It appears that IT directors are confused about the role of application service providers (ASPs) (Corporate users query ASPs' role, 6 July), what they offer and whether it represents a new business model or simply a return to the old bureau services offered during the 1960s.
I am not surprised they are confused. I have gone through the business plans of numerous ASPs, and so far their efforts have been almost exclusively concentrated on building their proposition rather than selling into the market.
Despite optimistic market projections from industry analysts, there are still very few deals signed in the UK, and many ASPs have not even put a sales operation in place. So it is no surprise that IT directors are unsure about the benefits of ASPs.
Crucial to gaining a proper understanding of how the market will evolve is understanding the differences between an ASP and a company using the ASP model.
The former are pure plays, attacking one segment of the SME market and using messaging as an entry point. The expectation is that as SMEs become comfortable with the concept they will allow more of their IT to be outsourced to ASPs.
An example of a company of this type is Netstore, the UK's only publicly quoted pure-play ASP. It is having to innovate to deliver on its business model, for example, in setting up the remote administration of systems, but it is creating new recurring revenue streams.
However, because the contracts it wins are small in value (though numerous) it receives little publicity for them.
Companies using the ASP model, however, are essentially using telecoms technology as a channel to market that is attractive both in terms of cost and levels of service. An example is Microgen, a business-to-business billing services provider.
Microgen has moved from print and post to distributing summary bills via e-mail, with a link to detailed information held in its database. This is an example of an application being delivered by the ASP model. But, while it is being used by many large organisations, it will not lead Microgen to take over the running of its customers' IT systems.
When you appreciate the differences between ASPs and companies that use the ASPmodel, it is easier to answer some of the more common questions.

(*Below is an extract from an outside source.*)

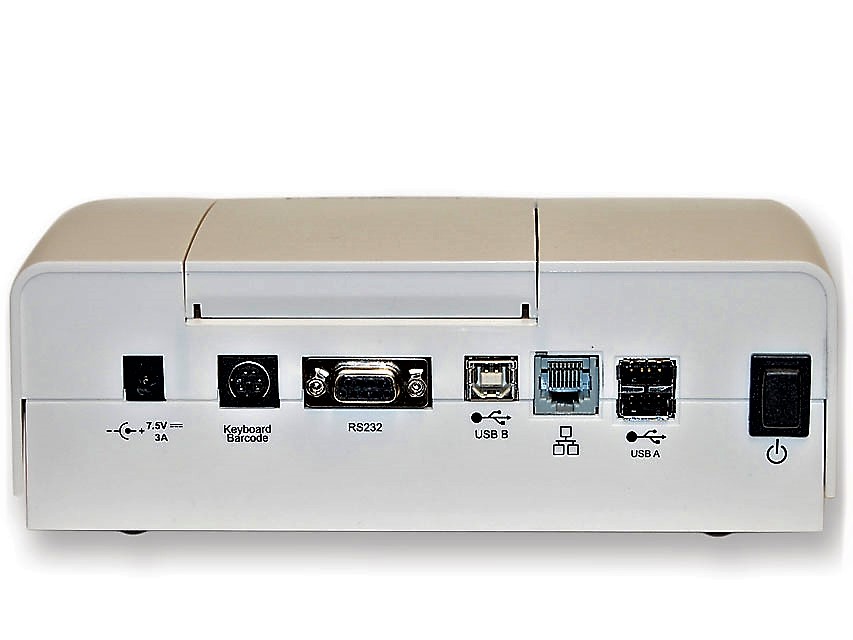 24049_d URILYZER 100 PRO analizzatore urina con stampante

For instance, a single supplier is best for SMEs but is not appropriate for large organisations where needs are complex and systems are crucial to competitive edge. Upgrades to software applications will be performed free of charge (although there may be a price differential to reflect increased functionality).
With the widespread roll-out of DSL in the next few years, performance (which is already OK for low-grade applications) will improve dramatically and cease to be an issue, opening up the market for mission-critical real-time systems.
So while ASPs are unlikely to take over the running of large companies' IT systems for many years, selective outsourcing of applications, delivered via an ASP model, is likely to have a more rapid take-up. Some of these will be applications that are already available for sale but are being adapted for ASP delivery (eg Cedar Financials) and others will be applications developed specifically to take advantage of the ASP model (such as Microgen Axess).
Users will have to look carefully at contracts, but there is nothing new in that. The best advice for now is not to close your mind to the concept or regard it as either hype or a threat, but address the opportunities as they emerge on their own merits. And don't be worried if you feel you don't know enough about ASPs - when they get their offerings right, companies will be falling over themselves to educate you for free.
Ian Mitchell is an ITanalyst with stockbroker Beeson Gregory. His opinions should not be construed as investment advice.